Sabtu, 16 Juli 2016

Orang-Orang Kalah - Najib Kartapati


Judul Buku
:
Orang-Orang Kalah
Penulis
:
Nadjib Kartapati Z.
Penerbit
:
Balai Pustaka
Tahun Terbit
:
1997



Orang-Orang Kalah berisi tikaian kelas menengah ke bawah yang berkaitan dengan pekerjaan, keluarga, barang, atau lingkungannya.

Sebagian tokoh merasa bangga dengan pekerjaannya. Seorang guru menyekolahkan beberapa anak Samin, suku yang dianggap primitif (“Cagar Alam”). Seorang dari kampung datang ke kota dan menjadi pembantu (“Rantai Anjing”). Seorang penyalur beras subsidi pemerintah menemukan cara mujarab agar untung dalam pekerjaannya (“Paceklik”). Tapi, kebanggaan itu runtuh oleh kenyataan yang kemudian mereka hadapi. Ada yang kena tegur atasannya karena dianggap merugikan, ada yang menyadari bahwa pekerjaannya tak seberharga itu, ada yang baru menyadari keluarganya dirugikan oleh pekerjaannya. Kebanggaan mereka akan pekerjaannya rubuh oleh kenyataan yang dihadapi.

Sebagian tokoh merasa benda-benda tertentu penting baginya. Saat tidak memiliki suatu benda, mereka menghadapi masalah. Sepasang suami istri kelimpungan karena anaknya diludahi saat menumpang nonton televisi, benda yang tak dimiliki mereka, di rumah tetangga (“Ning Nong”). Sebelum memiliki jam antik, keluarga seorang satpam tidak dianggap oleh tetangganya yang kebanyakan berprofesi sebagai guru (“Jam Antik”). Seiring dengan penerimaannya atas lelaki lain, seorang janda kehilangan piring bergambar naga yang merupakan peninggalan suaminya (“Piring Naga Timbul”). Di sisi lain, kepemilikan benda tertentu mengantarkan mereka mengalami kemalangan. Sebuah keris direlakan tidak laku karena seniman pemiliknya merasa harga murah berarti tidak menghargai warisan budaya, padahal penjualan keris itu bisa mencukupi kebutuhan keluarganya yang kelewat miskin (“Seniman Keris”). Seorang tukang sol sepatu sakit karena sepeda tuanya ditukar paksa dengan motor oleh anaknya (“Penyakit Ayahku”). Saking pentingnya benda-benda tersebut mereka tetap mengalami masalah baik kalau mereka memilikinya maupun tidak memilikinya.
Sebagian tokoh ditekan oleh lingkungannya. Seorang pegawai merasa diinjak-injak oleh atasannya yang merupakan teman masa kecilnya (“Kandang Trenggiling”). Seorang ilmuwan merasa malu karena keadaan terkini kampung halamannya yang dibanggakannya pada temannya yang seorang bule ternyata berkebalikan dengan yang dikatakannya (“Kampung yang Kusanjung”). Seorang wartawan di satu sisi dituntut untuk segera menunaikan tugasnya, sedangkan di sisi lain dituntut untuk menolong seorang korban kecelakaan (“Sang Wartawan”). Seorang tukang parkir mengingat masa dia terlibat dalam pembersihan PKI saat melihat orang yang pernah digerebeknya (“Pak Mudrik Tokoh Itu”). Pada akhirnya mereka hanya bisa pasrah dihanyutkan tekanan itu.
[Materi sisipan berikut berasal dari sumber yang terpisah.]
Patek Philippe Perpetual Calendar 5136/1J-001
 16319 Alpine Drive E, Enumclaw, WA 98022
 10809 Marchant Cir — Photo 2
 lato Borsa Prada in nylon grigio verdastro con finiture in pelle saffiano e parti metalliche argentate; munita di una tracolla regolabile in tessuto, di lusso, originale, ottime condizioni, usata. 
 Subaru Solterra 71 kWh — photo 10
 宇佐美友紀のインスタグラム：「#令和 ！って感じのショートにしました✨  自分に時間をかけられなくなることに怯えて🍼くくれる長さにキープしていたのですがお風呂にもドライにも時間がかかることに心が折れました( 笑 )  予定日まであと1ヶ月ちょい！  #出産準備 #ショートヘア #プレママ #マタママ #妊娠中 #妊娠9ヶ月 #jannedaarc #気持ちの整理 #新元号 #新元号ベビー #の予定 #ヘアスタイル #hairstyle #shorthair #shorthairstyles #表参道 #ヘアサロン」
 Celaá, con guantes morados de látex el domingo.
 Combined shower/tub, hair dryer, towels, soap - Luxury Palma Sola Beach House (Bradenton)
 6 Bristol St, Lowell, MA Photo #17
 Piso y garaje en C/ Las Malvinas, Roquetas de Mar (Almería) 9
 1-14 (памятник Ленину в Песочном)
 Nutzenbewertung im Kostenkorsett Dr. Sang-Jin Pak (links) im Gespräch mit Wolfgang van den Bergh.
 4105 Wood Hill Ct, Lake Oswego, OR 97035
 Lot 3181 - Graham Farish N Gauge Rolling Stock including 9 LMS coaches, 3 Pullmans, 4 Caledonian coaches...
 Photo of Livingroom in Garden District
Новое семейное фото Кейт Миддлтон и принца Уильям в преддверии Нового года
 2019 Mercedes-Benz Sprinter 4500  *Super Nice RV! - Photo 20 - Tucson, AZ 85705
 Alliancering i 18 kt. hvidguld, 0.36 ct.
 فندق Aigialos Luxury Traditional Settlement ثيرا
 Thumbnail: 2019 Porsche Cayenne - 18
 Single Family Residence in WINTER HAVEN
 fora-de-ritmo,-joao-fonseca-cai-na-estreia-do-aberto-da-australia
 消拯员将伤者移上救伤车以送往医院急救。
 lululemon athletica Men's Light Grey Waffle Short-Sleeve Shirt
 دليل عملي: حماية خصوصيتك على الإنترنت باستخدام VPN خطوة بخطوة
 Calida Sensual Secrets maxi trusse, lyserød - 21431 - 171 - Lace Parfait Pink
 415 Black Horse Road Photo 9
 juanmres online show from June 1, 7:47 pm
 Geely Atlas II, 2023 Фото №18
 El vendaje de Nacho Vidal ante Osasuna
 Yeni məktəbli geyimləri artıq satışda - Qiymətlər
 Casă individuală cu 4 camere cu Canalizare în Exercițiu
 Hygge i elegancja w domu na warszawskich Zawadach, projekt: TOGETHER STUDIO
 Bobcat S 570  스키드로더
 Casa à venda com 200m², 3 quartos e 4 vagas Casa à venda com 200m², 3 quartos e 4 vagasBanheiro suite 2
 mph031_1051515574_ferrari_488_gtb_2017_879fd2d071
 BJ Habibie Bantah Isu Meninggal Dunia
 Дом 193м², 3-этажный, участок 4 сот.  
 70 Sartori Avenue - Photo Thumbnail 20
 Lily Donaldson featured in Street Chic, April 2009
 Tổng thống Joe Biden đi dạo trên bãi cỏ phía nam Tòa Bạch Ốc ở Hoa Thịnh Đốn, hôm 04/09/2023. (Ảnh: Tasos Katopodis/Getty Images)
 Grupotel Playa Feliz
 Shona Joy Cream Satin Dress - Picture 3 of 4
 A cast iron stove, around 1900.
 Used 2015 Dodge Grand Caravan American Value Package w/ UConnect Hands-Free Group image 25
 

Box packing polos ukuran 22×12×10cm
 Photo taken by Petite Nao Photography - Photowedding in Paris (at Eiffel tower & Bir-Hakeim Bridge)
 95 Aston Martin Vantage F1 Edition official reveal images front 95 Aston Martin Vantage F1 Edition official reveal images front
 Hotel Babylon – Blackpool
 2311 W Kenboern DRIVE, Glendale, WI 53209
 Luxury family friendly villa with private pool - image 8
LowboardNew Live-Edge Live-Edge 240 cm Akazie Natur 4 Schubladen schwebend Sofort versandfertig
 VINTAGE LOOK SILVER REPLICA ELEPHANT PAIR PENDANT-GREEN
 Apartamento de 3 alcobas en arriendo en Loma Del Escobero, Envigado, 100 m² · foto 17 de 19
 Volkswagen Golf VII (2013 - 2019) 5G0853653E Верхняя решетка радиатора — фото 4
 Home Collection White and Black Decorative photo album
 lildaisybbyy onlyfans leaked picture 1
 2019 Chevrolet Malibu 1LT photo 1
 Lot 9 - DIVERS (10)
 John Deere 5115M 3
Sebagian tokoh dipusingkan oleh keadaan anaknya. Seorang suami terpaksa menyekolahkan anaknya di tempat jauh karena istrinya merasa lingkungan rumah mereka bukan lingkungan yang baik (“Surat Panggilan”). Seorang istri mengeluh pada suaminya bahwa anak mereka daripada dengan mereka malah lebih dekat dengan orang lain yang ternyata tak mampu bertemu lagi dengan anaknya (“Persahabatan”). Seorang pawang monyet dan tukang obat keliling terpaksa berjualan di tempat terlarang demi membeli kain kafan untuk anaknya sehingga ditangkap aparat (“Pariman yang Malang”). Tindakan yang dilakukan orang-orang tua untuk mengatasi keadaan anaknya membuat dirinya atau anaknya mengalami kemalangan.

Tokoh-tokoh dalam kumpulan cerpen ini adalah Orang-Orang Kalah oleh keadaan keluarganya, tekanan lingkungan, keterikatan dengan benda-benda, dan rubuhnya kebanggaan atas pekerjaannya.